Find Us On Social Media :

Jakarta 490 Tahun: Saat Dua Profesor Bertarung tentang Hari Lahir Jakarta, yang Mana yang Benar?

By Ade Sulaeman, Kamis, 22 Juni 2017 | 16:15 WIB

Monas Bersolek dengan Lampu LED

Intisari-Online.com – Yang pertama kali menetapkan tahun 1527 sebagai tahun kelahiran Jayakarta adalah almarhum Prof. Dr. P.A. Hussein Djajadiningrat dalam disertasi berjudul Critische Beschouwing van de Sadjarah Banten, yang dipertahankannya tahun 1913 di Universitas Leiden, Belanda.

Namun yang menentukan 22 Juni sebagai hari lahir Jayakarta adalah Prof. Dr. Sukanto.

Dalam disertasinya, Prof. Hussein Djajadiningrat menyatakan bahwa Jayakarta berarti "volbrachte zege" (kemenangan yang selesai).

Nama itu diberikan kepada kota yang mula-mula bernama Sunda Kelapa oleh Fatahillah (Faletehan), setelah direbut dari Kerajaan Pajajaran.

Pajajaran adalah kerajaan Hindu terakhir di Pulau Jawa pada waktu itu, sedangkan Fatahillah adalah ipar sultan Demak yang memimpin suatu tentara ekspedisi ke Jawa Barat, untuk mengislamkan daerah itu.

Pada tahun 1954, almarhum Prof.
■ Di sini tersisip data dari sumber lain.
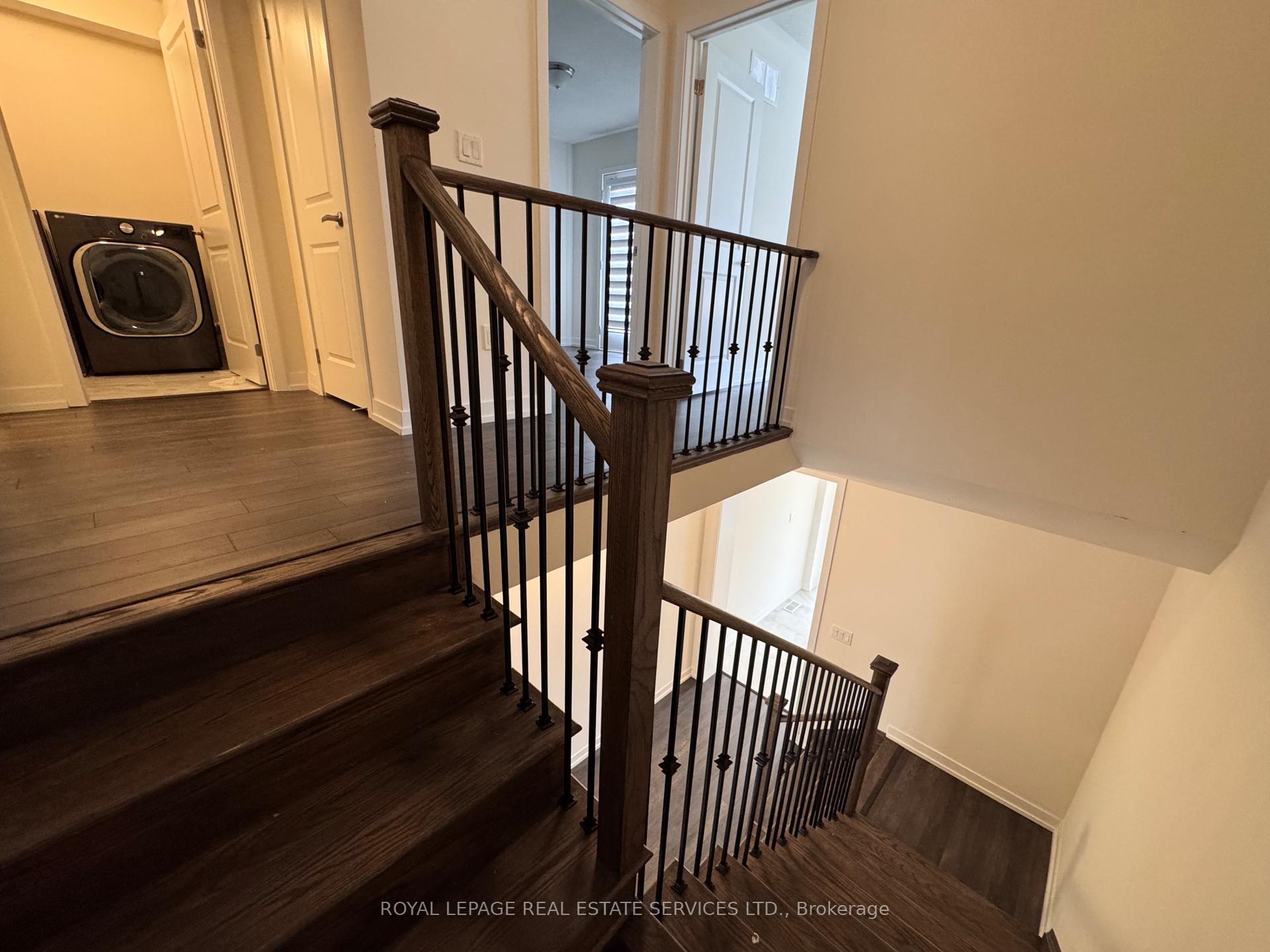 Photo 9 of 1436 Rose Way, Milton, Cobban — HOMEH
Dr. Mr. Sukanto, guru besar sejarah pada Fakultas Sastra Universitas Indonesia, menulis sebuah risalah berjudul Dari Djakarta ke DjaJakarta.

Prof. Sukanto mencoba melengkapi tahun kelahiran Jayakarta dengan tanggal dan bulannya.

Portugis melirik ke selatan

Kalau disimpulkan, kelahiran Jayakarta merupakan perbenturan tiga kekuatan waktu itu, yakni Kesultanan Demak, Kerajaan Pajajaran, dan Kerajaan Portugis yang mempunyai pancangan kaki di Malaka sejak tahun 1511, yaitu sejak Portugis merebut kota itu dari tangan orang Melayu.

Sejak tahun 1511 itu Portugis merupakan faktor di dalam percaturan politik internasional di  Indonesia. Apalagi setelah pada tahun 1521 mereka juga merebut Pasai sehingga seluruh Selat Sumatra itu dikuasainya.

Sebagai akibat dari perkembangan itu, pusat perdagangan bumiputra di Indonesia berpindah dari Sumatra Utara ke Jawa Barat.

Maka orang Portugis pun lantas mengarahkan matanya ke selatan. Di sana dilihatnya masih ada satu negara yang beragama Hindu, yaitu Pajajaran, sehingga bisa dijadikan sekutu yang wajar dalam permusuhan terhadap kerajaan-kerajaan Indonesia yang rajanya telah beragama Islam.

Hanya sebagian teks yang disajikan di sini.